*** RECORDS TO USE ***
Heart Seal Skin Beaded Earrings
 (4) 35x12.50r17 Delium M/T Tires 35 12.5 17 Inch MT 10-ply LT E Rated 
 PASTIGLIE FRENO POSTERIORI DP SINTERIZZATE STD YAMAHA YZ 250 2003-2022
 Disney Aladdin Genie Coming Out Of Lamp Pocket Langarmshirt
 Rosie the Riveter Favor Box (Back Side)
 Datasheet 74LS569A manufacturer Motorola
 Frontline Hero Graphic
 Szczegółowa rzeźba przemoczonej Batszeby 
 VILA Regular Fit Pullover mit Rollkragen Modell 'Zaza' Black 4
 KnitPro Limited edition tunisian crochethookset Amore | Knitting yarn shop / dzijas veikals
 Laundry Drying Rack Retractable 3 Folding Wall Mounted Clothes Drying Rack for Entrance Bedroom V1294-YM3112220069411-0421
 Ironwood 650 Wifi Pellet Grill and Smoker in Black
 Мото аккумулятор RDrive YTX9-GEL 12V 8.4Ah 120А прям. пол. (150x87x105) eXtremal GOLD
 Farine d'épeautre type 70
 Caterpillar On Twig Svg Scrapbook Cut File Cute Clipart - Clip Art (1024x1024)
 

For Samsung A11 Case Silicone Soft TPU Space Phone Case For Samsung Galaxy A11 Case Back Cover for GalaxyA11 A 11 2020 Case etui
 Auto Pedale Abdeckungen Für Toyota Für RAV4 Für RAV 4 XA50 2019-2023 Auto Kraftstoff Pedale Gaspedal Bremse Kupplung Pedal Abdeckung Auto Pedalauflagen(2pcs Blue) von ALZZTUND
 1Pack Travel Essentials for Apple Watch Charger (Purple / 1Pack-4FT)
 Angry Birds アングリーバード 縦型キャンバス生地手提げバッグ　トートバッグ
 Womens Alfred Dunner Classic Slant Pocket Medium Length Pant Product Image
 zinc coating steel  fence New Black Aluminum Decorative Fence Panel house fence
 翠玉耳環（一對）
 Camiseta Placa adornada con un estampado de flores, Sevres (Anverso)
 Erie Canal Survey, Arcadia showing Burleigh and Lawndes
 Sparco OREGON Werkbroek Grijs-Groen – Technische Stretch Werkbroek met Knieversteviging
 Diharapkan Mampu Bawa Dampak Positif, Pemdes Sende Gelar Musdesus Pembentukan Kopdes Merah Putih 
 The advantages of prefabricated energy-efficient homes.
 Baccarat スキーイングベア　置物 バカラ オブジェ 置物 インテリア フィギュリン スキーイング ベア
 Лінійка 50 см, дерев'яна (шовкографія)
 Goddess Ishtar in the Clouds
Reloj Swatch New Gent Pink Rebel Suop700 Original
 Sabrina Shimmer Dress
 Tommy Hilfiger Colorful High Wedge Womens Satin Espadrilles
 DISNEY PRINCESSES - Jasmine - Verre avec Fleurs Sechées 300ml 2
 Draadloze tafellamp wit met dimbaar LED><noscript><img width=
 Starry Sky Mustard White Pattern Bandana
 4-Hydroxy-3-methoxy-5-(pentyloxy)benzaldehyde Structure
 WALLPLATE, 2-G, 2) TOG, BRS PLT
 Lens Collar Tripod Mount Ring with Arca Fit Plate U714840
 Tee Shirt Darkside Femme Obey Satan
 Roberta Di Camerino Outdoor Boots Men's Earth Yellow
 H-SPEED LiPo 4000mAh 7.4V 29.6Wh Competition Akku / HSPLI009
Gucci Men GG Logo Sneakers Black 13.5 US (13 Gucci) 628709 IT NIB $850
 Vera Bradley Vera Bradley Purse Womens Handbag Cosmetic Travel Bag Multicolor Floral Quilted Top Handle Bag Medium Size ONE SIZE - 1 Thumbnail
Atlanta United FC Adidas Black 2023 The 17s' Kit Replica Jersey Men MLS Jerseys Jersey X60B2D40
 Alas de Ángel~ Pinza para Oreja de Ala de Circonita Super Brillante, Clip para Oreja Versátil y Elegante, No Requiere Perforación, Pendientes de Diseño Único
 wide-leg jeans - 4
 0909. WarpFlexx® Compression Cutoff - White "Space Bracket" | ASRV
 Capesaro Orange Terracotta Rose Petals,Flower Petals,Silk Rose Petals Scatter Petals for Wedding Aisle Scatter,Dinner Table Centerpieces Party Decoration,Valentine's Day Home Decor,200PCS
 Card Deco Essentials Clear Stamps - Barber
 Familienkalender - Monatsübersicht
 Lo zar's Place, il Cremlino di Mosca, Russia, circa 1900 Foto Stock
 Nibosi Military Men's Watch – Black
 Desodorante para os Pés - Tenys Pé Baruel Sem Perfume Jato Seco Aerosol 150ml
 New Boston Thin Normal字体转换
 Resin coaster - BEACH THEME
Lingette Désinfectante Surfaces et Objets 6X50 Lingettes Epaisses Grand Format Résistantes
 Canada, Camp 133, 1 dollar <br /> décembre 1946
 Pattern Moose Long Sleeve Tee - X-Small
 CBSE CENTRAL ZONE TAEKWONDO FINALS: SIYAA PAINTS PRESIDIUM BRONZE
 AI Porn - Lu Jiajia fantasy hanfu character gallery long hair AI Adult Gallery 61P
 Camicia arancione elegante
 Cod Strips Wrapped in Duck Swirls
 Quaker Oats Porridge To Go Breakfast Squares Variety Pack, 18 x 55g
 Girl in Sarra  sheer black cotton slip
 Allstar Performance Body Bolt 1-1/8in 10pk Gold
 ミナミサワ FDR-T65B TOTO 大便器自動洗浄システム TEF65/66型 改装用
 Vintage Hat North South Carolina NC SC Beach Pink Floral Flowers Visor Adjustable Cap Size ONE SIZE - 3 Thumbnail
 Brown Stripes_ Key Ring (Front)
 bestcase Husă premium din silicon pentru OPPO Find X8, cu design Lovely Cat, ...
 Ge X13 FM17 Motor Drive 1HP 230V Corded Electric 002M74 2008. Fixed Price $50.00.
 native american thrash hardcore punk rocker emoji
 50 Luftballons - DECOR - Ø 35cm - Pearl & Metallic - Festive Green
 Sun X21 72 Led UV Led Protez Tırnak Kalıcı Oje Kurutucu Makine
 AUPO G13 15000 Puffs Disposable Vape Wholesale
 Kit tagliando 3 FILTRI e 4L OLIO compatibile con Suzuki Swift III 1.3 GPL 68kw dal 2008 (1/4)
***
◆ WHAT YOU HAVE TO DO ◆
Nothing should be changed: write out all of the data as is.

◆ COMPLETED EXERCISE ◆
Heart Seal Skin Beaded Earrings
 (4) 35x12.50r17 Delium M/T Tires 35 12.5 17 Inch MT 10-ply LT E Rated 
 PASTIGLIE FRENO POSTERIORI DP SINTERIZZATE STD YAMAHA YZ 250 2003-2022
 Disney Aladdin Genie Coming Out Of Lamp Pocket Langarmshirt
 Rosie the Riveter Favor Box (Back Side)
 Datasheet 74LS569A manufacturer Motorola
 Frontline Hero Graphic
 Szczegółowa rzeźba przemoczonej Batszeby 
 VILA Regular Fit Pullover mit Rollkragen Modell 'Zaza' Black 4
 KnitPro Limited edition tunisian crochethookset Amore | Knitting yarn shop / dzijas veikals
 Laundry Drying Rack Retractable 3 Folding Wall Mounted Clothes Drying Rack for Entrance Bedroom V1294-YM3112220069411-0421
 Ironwood 650 Wifi Pellet Grill and Smoker in Black
 Мото аккумулятор RDrive YTX9-GEL 12V 8.4Ah 120А прям. пол. (150x87x105) eXtremal GOLD
 Farine d'épeautre type 70
 Caterpillar On Twig Svg Scrapbook Cut File Cute Clipart - Clip Art (1024x1024)
 

For Samsung A11 Case Silicone Soft TPU Space Phone Case For Samsung Galaxy A11 Case Back Cover for GalaxyA11 A 11 2020 Case etui
 Auto Pedale Abdeckungen Für Toyota Für RAV4 Für RAV 4 XA50 2019-2023 Auto Kraftstoff Pedale Gaspedal Bremse Kupplung Pedal Abdeckung Auto Pedalauflagen(2pcs Blue) von ALZZTUND
 1Pack Travel Essentials for Apple Watch Charger (Purple / 1Pack-4FT)
 Angry Birds アングリーバード 縦型キャンバス生地手提げバッグ　トートバッグ
 Womens Alfred Dunner Classic Slant Pocket Medium Length Pant Product Image
 zinc coating steel  fence New Black Aluminum Decorative Fence Panel house fence
 翠玉耳環（一對）
 Camiseta Placa adornada con un estampado de flores, Sevres (Anverso)
 Erie Canal Survey, Arcadia showing Burleigh and Lawndes
 Sparco OREGON Werkbroek Grijs-Groen – Technische Stretch Werkbroek met Knieversteviging
 Diharapkan Mampu Bawa Dampak Positif, Pemdes Sende Gelar Musdesus Pembentukan Kopdes Merah Putih 
 The advantages of prefabricated energy-efficient homes.
 Baccarat スキーイングベア　置物 バカラ オブジェ 置物 インテリア フィギュリン スキーイング ベア
 Лінійка 50 см, дерев'яна (шовкографія)
 Goddess Ishtar in the Clouds
Reloj Swatch New Gent Pink Rebel Suop700 Original
 Sabrina Shimmer Dress
 Tommy Hilfiger Colorful High Wedge Womens Satin Espadrilles
 DISNEY PRINCESSES - Jasmine - Verre avec Fleurs Sechées 300ml 2
 Draadloze tafellamp wit met dimbaar LED><noscript><img width=
 Starry Sky Mustard White Pattern Bandana
 4-Hydroxy-3-methoxy-5-(pentyloxy)benzaldehyde Structure
 WALLPLATE, 2-G, 2) TOG, BRS PLT
 Lens Collar Tripod Mount Ring with Arca Fit Plate U714840
 Tee Shirt Darkside Femme Obey Satan
 Roberta Di Camerino Outdoor Boots Men's Earth Yellow
 H-SPEED LiPo 4000mAh 7.4V 29.6Wh Competition Akku / HSPLI009
Gucci Men GG Logo Sneakers Black 13.5 US (13 Gucci) 628709 IT NIB $850
 Vera Bradley Vera Bradley Purse Womens Handbag Cosmetic Travel Bag Multicolor Floral Quilted Top Handle Bag Medium Size ONE SIZE - 1 Thumbnail
Atlanta United FC Adidas Black 2023 The 17s' Kit Replica Jersey Men MLS Jerseys Jersey X60B2D40
 Alas de Ángel~ Pinza para Oreja de Ala de Circonita Super Brillante, Clip para Oreja Versátil y Elegante, No Requiere Perforación, Pendientes de Diseño Único
 wide-leg jeans - 4
 0909. WarpFlexx® Compression Cutoff - White "Space Bracket" | ASRV
 Capesaro Orange Terracotta Rose Petals,Flower Petals,Silk Rose Petals Scatter Petals for Wedding Aisle Scatter,Dinner Table Centerpieces Party Decoration,Valentine's Day Home Decor,200PCS
 Card Deco Essentials Clear Stamps - Barber
 Familienkalender - Monatsübersicht
 Lo zar's Place, il Cremlino di Mosca, Russia, circa 1900 Foto Stock
 Nibosi Military Men's Watch – Black
 Desodorante para os Pés - Tenys Pé Baruel Sem Perfume Jato Seco Aerosol 150ml
 New Boston Thin Normal字体转换
 Resin coaster - BEACH THEME
Lingette Désinfectante Surfaces et Objets 6X50 Lingettes Epaisses Grand Format Résistantes
 Canada, Camp 133, 1 dollar <br /> décembre 1946
 Pattern Moose Long Sleeve Tee - X-Small
 CBSE CENTRAL ZONE TAEKWONDO FINALS: SIYAA PAINTS PRESIDIUM BRONZE
 AI Porn - Lu Jiajia fantasy hanfu character gallery long hair AI Adult Gallery 61P
 Camicia arancione elegante
 Cod Strips Wrapped in Duck Swirls
 Quaker Oats Porridge To Go Breakfast Squares Variety Pack, 18 x 55g
 Girl in Sarra  sheer black cotton slip
 Allstar Performance Body Bolt 1-1/8in 10pk Gold
 ミナミサワ FDR-T65B TOTO 大便器自動洗浄システム TEF65/66型 改装用
 Vintage Hat North South Carolina NC SC Beach Pink Floral Flowers Visor Adjustable Cap Size ONE SIZE - 3 Thumbnail
 Brown Stripes_ Key Ring (Front)
 bestcase Husă premium din silicon pentru OPPO Find X8, cu design Lovely Cat, ...
 Ge X13 FM17 Motor Drive 1HP 230V Corded Electric 002M74 2008. Fixed Price $50.00.
 native american thrash hardcore punk rocker emoji
 50 Luftballons - DECOR - Ø 35cm - Pearl & Metallic - Festive Green
 Sun X21 72 Led UV Led Protez Tırnak Kalıcı Oje Kurutucu Makine
 AUPO G13 15000 Puffs Disposable Vape Wholesale
 Kit tagliando 3 FILTRI e 4L OLIO compatibile con Suzuki Swift III 1.3 GPL 68kw dal 2008 (1/4)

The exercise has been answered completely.